Start of Task inputs

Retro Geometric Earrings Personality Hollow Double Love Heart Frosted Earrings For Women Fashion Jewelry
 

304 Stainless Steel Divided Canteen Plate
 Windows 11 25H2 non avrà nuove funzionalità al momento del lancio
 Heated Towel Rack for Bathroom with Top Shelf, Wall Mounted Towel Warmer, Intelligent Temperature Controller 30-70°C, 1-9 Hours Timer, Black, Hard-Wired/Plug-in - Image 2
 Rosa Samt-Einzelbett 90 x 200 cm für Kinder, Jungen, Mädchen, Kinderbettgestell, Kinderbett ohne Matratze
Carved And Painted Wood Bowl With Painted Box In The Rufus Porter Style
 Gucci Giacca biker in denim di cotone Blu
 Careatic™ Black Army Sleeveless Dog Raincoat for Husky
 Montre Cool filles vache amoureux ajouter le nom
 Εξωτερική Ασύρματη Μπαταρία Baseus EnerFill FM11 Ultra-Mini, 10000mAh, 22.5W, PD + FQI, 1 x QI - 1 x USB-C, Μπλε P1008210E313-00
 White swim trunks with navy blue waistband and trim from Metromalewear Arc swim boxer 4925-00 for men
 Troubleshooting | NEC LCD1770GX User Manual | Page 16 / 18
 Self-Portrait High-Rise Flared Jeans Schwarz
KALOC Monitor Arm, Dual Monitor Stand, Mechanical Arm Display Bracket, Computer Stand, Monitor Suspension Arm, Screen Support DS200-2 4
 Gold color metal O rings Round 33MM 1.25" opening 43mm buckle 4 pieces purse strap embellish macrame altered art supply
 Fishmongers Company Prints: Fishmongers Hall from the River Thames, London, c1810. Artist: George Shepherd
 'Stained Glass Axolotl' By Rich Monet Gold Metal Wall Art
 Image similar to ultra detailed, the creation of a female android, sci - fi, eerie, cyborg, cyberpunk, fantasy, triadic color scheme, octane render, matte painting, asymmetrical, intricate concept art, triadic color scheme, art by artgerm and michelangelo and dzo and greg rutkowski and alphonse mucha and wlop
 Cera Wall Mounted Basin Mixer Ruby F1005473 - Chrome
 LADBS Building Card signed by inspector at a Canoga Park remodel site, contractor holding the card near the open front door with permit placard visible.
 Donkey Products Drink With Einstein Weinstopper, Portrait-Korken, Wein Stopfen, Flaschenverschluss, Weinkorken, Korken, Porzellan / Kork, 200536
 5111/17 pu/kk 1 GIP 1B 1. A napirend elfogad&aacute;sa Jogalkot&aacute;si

End of Task inputs

Task details
Work out how many lines of the records contain "Portrait", and reply with the number alone.

Response
2